Delivering performance to latency-sensitive, throughput-heavy, model-driven applications, means making the right choices from hardware to Ingress. As a member of the Data Science Platform's Infrastructure team with a focus on the Serverless Components, you'll have the opportunity to work on open source serverless technologies underlying KServe, such as Knative and Istio, as well as looking at the latest hardware available on the market to service hundreds to thousands of models in a scalable way.
As the founding members of KServe, we regularly upstream features we develop, present at conferences and collaborate with our peers in the industry, and are in tune with the surrounding Kubernetes community. Open source is at the heart of our team. It's not just something we do in our free time, it is how we work.
We'll trust you to:
- Innovate and design solutions that keep in mind strict production SLA: low latency/high throughput, multi-tenancy, high availability, reliability across clusters/data centers, etc.
- Interact with ML experts to understand workflows, pinpoint and resolve inefficiencies, and inform the next set of features for the platform.
- Collaborating with open-source communities and internal platform teams to build cohesive model deployment experience.
- Automate operations and improve observability of the platform by integrating with systems for metrics and distributed tracing.

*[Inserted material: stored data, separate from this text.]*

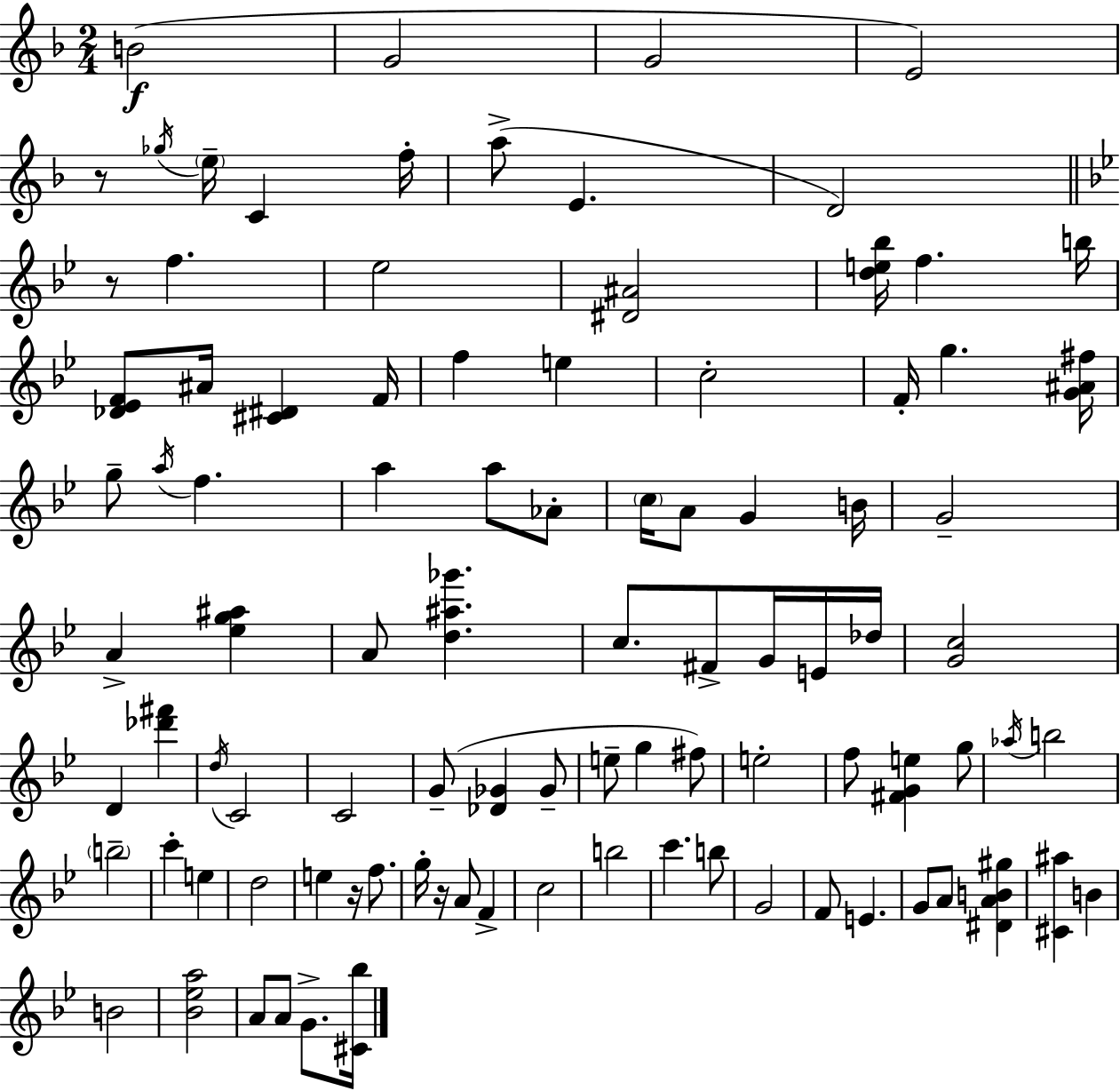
B4/h G4/h G4/h E4/h R/e Gb5/s E5/s C4/q F5/s A5/e E4/q. D4/h R/e F5/q. Eb5/h [D#4,A#4]/h [D5,E5,Bb5]/s F5/q. B5/s [Db4,Eb4,F4]/e A#4/s [C#4,D#4]/q F4/s F5/q E5/q C5/h F4/s G5/q. [G4,A#4,F#5]/s G5/e A5/s F5/q. A5/q A5/e Ab4/e C5/s A4/e G4/q B4/s G4/h A4/q [Eb5,G5,A#5]/q A4/e [D5,A#5,Gb6]/q. C5/e. F#4/e G4/s E4/s Db5/s [G4,C5]/h D4/q [Db6,F#6]/q D5/s C4/h C4/h G4/e [Db4,Gb4]/q Gb4/e E5/e G5/q F#5/e E5/h F5/e [F#4,G4,E5]/q G5/e Ab5/s B5/h B5/h C6/q E5/q D5/h E5/q R/s F5/e. G5/s R/s A4/e F4/q C5/h B5/h C6/q. B5/e G4/h F4/e E4/q. G4/e A4/e [D#4,A4,B4,G#5]/q [C#4,A#5]/q B4/q B4/h [Bb4,Eb5,A5]/h A4/e A4/e G4/e. [C#4,Bb5]/s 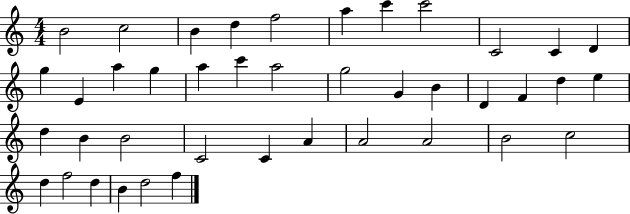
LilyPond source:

{
  \clef treble
  \numericTimeSignature
  \time 4/4
  \key c \major
  b'2 c''2 | b'4 d''4 f''2 | a''4 c'''4 c'''2 | c'2 c'4 d'4 | \break g''4 e'4 a''4 g''4 | a''4 c'''4 a''2 | g''2 g'4 b'4 | d'4 f'4 d''4 e''4 | \break d''4 b'4 b'2 | c'2 c'4 a'4 | a'2 a'2 | b'2 c''2 | \break d''4 f''2 d''4 | b'4 d''2 f''4 | \bar "|."
}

- Troubleshoot and optimize ML model inference performance.
- Build tools enabling other engineers a way to debug and understand performance of complicated systems.
What we are looking for:
- Have a passion for providing reliable and scalable ML infrastructure
- Experience designing and implementing low-latency, high-scalability systems
- Experience working in a multi-tenancy and multi-cluster environment
- Experience with ML infrastructure open source project such as Kubeflow, KServe, MLFlow, Feast
- Experience with distributed systems eg. Kubernetes, Kafka, Zookeeper/Etcd, Spark
- Experience with debugging performance issues with distributed tracing and benchmark tools
- Proficiency in two or more languages (Go, Python, C++, or JavaScript) and willingness to learn new technologies as needed
- At least 2 years of experience as a software engineer
We'd love to see:
- Experience with serverless framework or infrastructure, such as Knative, AWS Lambda, Google CloudRun.
- Experience working with Service Mesh, authentication & authorization systems like Spire/Spiffe.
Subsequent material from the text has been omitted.